Essai sur l'origine de Toulon: Mémoire pour servir à l'origine de cette ville

Part 2

Chapter 23,677 wordsPublic domain

La preuve ne me paraît pas péremptoire. Les ruines antiques que l'on trouve à un mille, Est des Lèques, les quais, les aqueducs, les colonnes et les autres monumens que le sable couvrait, annoncent à la vérité les traces d'une ville fort-ancienne; mais a-t-on la moindre garantie que ce fut la ville de Tauroentum? Parmi les médailles et les inscriptions que l'on a trouvées, y en a-t-il une seule qui l'indique? Non. Ces ruines ne prouvent donc rien en faveur de M. P. Quant au nom de _Tarento_ que le peuple des Lèques donne à ce lieu, il ne prouve pas davantage. Pour que ce témoignage fût de quelque force, il faudrait prouver que, dans une tradition non interrompue, on l'a toujours appelé de ce nom; et je doute bien que l'on fournisse jamais une pareille preuve. Marin nous avertit que le voisinage de Tarento _très-peuplé aujourd'hui était désert autrefois_, il est, du reste, facile à comprendre à quelle époque les habitans des Lèques et des campagnes voisines donnèrent le nom de Tarento à ces débris. Cette ville après avoir été pendant plus de treize siècles ensevelie sous les sables, fut découverte le siècle dernier. Les savans la visitèrent en foule. Des fouilles furent faites sur divers points et le succès couronna l'attente des curieux; mais quel nom pouvaient-ils donner à une ville dont ils ne soupçonnaient pas même l'existence? En considérant le nom des villes de la côte, ces savans s'apperçurent qu'aucune d'elles ne s'appelait _Tauroentum_, et ignorant la cause qui avait fait quitter ce nom à Toulon, ils donnèrent au lieu voisin des Lèques le nom de _Taurentum_. Les habitans de S.t Cyr et des campagnes environnantes excités par la curiosité et par l'appât des trésors y accoururent aussi, et bientôt ils retinrent le nom que les hommes instruits donnaient à ces lieux, la multitude de voyageurs qui chaque jour étaient obligés de se faire indiquer la route ne contribua aussi pas peu à propager parmi ce peuple le nom de Tauroentum et par une légère altération _Tarento_.

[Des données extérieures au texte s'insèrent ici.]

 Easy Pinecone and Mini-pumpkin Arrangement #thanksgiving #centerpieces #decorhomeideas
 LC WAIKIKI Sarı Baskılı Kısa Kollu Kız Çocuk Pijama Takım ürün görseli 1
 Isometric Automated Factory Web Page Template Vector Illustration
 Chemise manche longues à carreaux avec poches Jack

Si ces raisons pouvaient laisser quelques doutes sur mon assertion, il me suffirait, pour les dissiper, d'assurer que, d'après la connaissance que j'ai acquise de la topographie du lieu, cette ville n'a jamais pu être qu'un mouillage et non un port malgré les vestiges de quais, qu'on y rencontre.

On voit donc que la dénomination de _Tarento_, ne tire pas à conséquence contre notre opinion, et qu'elle nous laisse dans la même incertitude que M. P. croit avoir dissipée entièrement.

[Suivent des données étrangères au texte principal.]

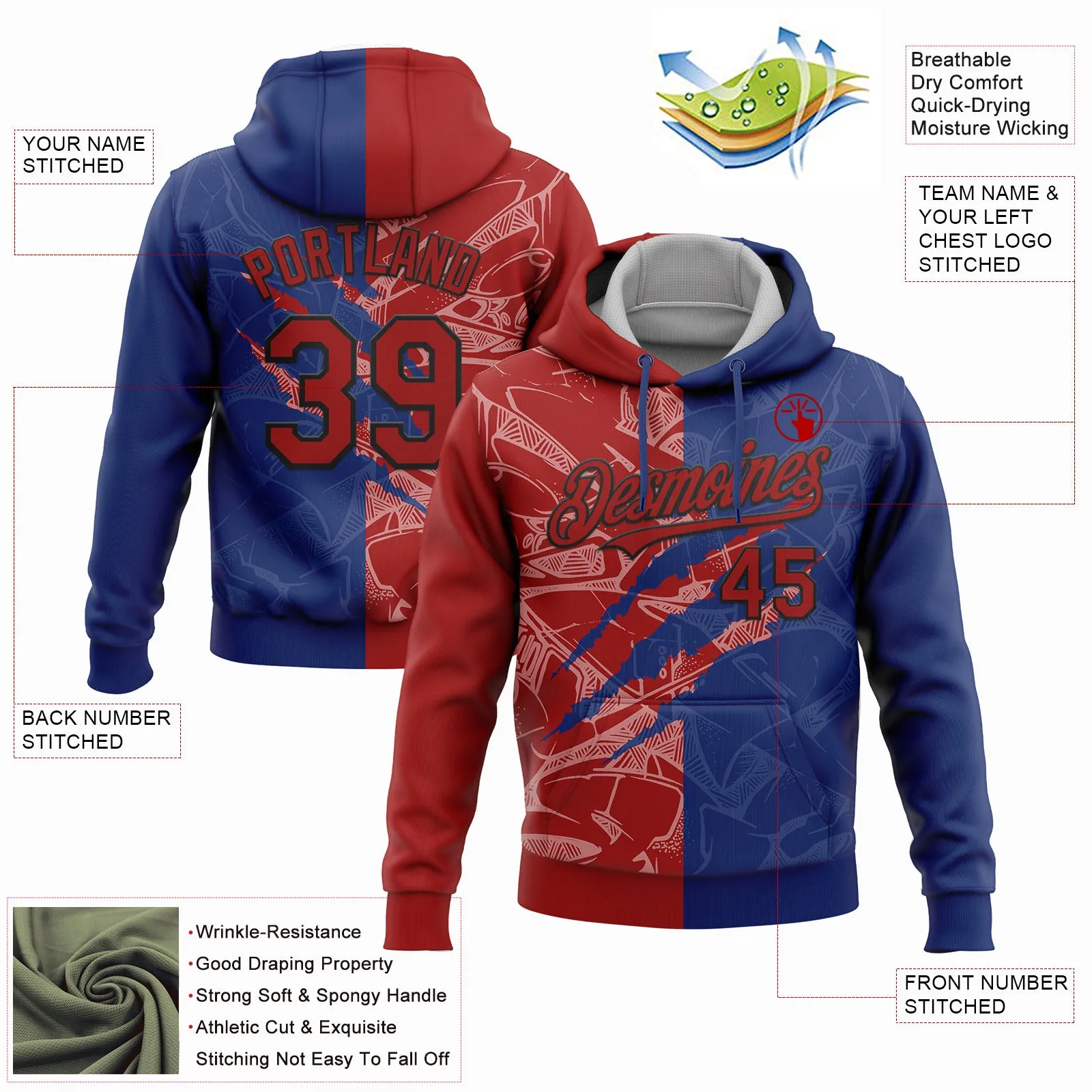 Custom Stitched Graffiti Pattern Red Royal-Black 3D Scratch Sports Pullover Sweatshirt Hoodie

M. Toulousan, si avantageusement connu par son zèle infatigable, propose une autre objection qu'il est bon de ne point passer sous silence, pour bien convaincre nos lecteurs que, n'ayant d'autre désir que d'atteindre la vérité, nous ne laissons échapper aucune des difficultés que l'on peut faire à notre opinion, sans donner des raisons qui puissent les aplanir.

[Sidenote: Statist. des B. du Rhône T. 2. p. 226.]

«Vers l'embouchure d'un ruisseau, aujourd'hui obstrué par les sables, se trouvait le bourg de _Tauroentum_. Les bastides de ce quartier sont encore appelées _leis Taureous_.»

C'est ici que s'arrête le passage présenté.